By Allison Jones in Toronto
Ontario has not yet put a four-year-old policing law overhaul into effect, which includes allowing officers to be suspended without pay more often, but the solicitor general said Monday he's directing it be done "as soon as possible."
Michael Kerzner was asked Monday in question period about the law that has been sitting on the books since 2019 in light of news reports about an Ontario Provincial Police officer suspended for years with pay.
The Brockville Recorder and Times reported that an OPP constable in Leeds County, Jason Redmond, has been on paid leave since 2015 stemming from a drug trafficking investigation, and was recently found guilty of sexual assault.
A judge found that he raped a woman while she was unconscious and made a video of the assault on his phone to "teach her a lesson," the newspaper reported.
Kerzner said he has directed the deputy minister to wrap up discussions with police services and unions "as soon as possible" in order to get the law enacted.
"No one convicted of a serious and disturbing crime like this should be receiving a taxpayer-funded salary, and we expect all those that keep our province safe to uphold the highest standard of professional ethics," he said in the legislature.
OPP Commissioner Thomas Carrique said in a statement that the police service has been trying to fire the constable since his first conviction.
"I know this is troubling for not only members of the public, but for our own members who always seek to serve the people of Ontario with pride, professionalism and honour," he wrote.

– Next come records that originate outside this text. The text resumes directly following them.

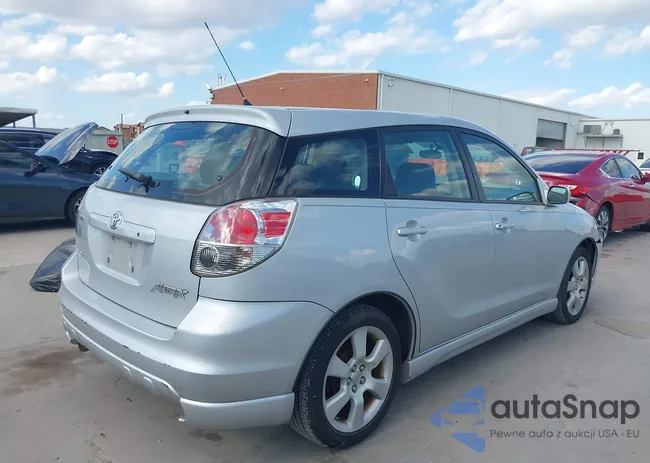 2T1KR32E45C389327: 43286898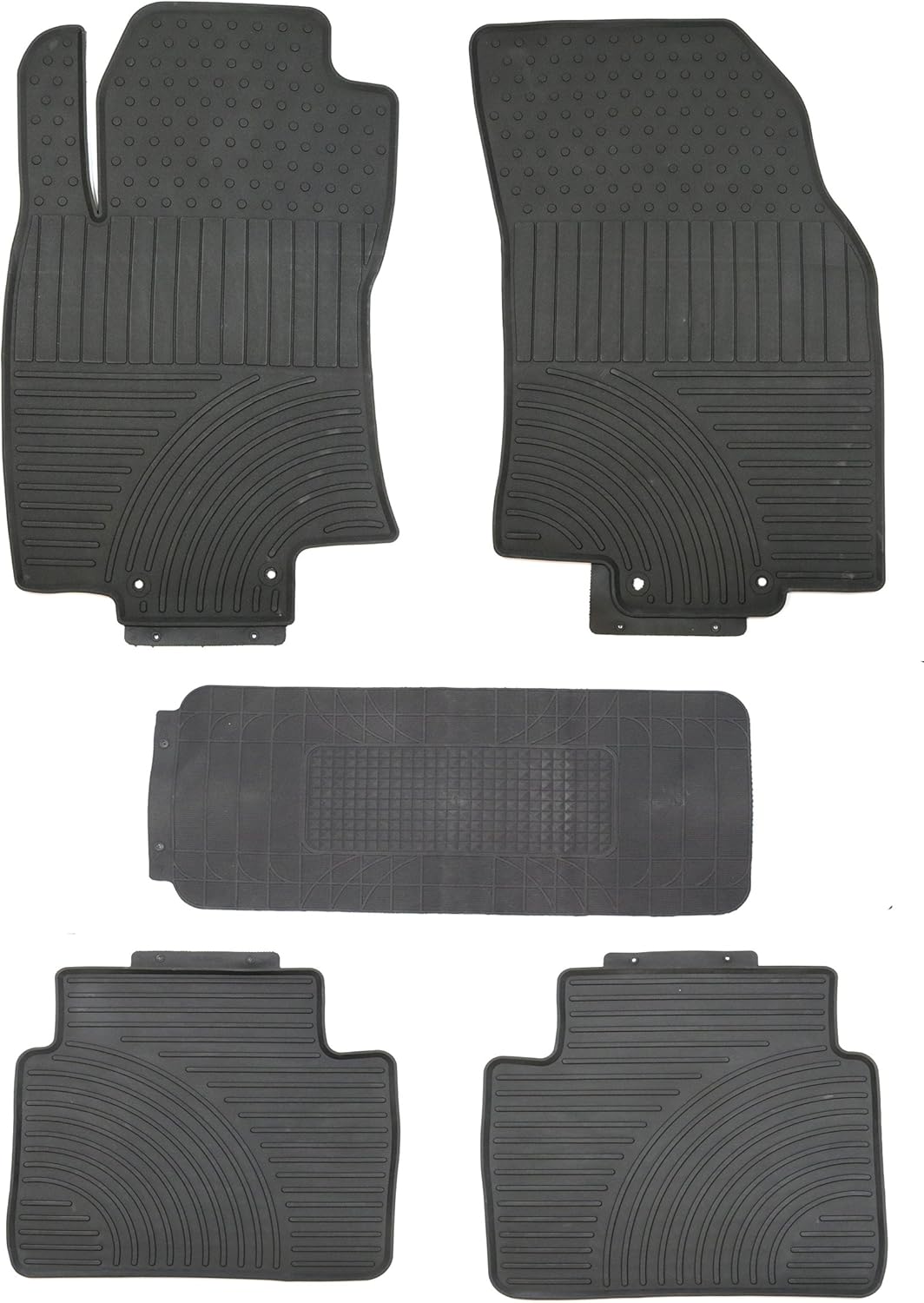 Best car seat covers for hyandai elantra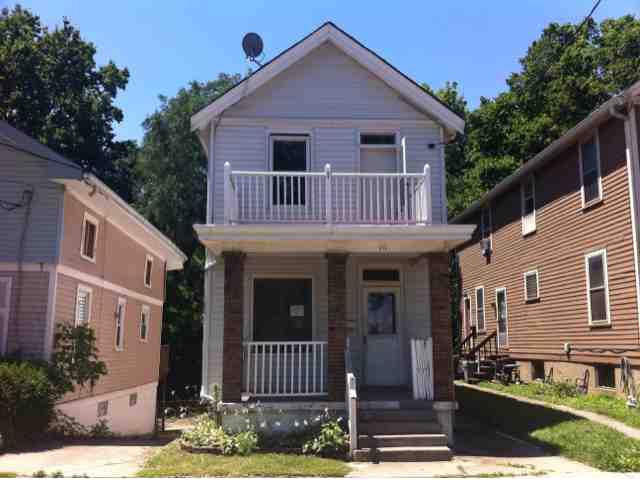 111 Church Street, Cincinnati, OH 45217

An adjudicator ordered the constable be dismissed from the OPP, but the officer appealed. That appeal - as well as the fact he was sentenced for the initial offence to probation and not imprisonment - means he can still collect his salary.
Sentencing for the sexual assault conviction is set for later this month. The appeal of his dismissal is set to be heard in June.
Premier Doug Ford's government in 2019 brought in the Community Safety and Policing Act, which allows a police chief to suspend an officer without pay if they're charged with a serious offence, as well as introducing other changes to police standards and oversight.
Kerzner noted that it replaces the Police Services Act, which is more than 30 years old. But in 2018, the Progressive Conservative government scrapped a law the Liberal government had passed as an update to that 1990 legislation, decrying it as anti-police.
The Liberal bill would have, among other changes, strengthened police oversight, while the new law passed in 2019 by the Tories narrows the scope of the Special Investigations Unit. Both laws have sought to introduce more circumstances under which a police officer could be suspended without pay.
Ontario is the only province in which chiefs can’t revoke the pay of suspended officers, who collect millions of dollars each year. Right now, suspended officers have to be paid even when convicted of an offence, unless they are sentenced to prison.
The Ontario Association of Chiefs of Police has been pushing for change for well over a decade.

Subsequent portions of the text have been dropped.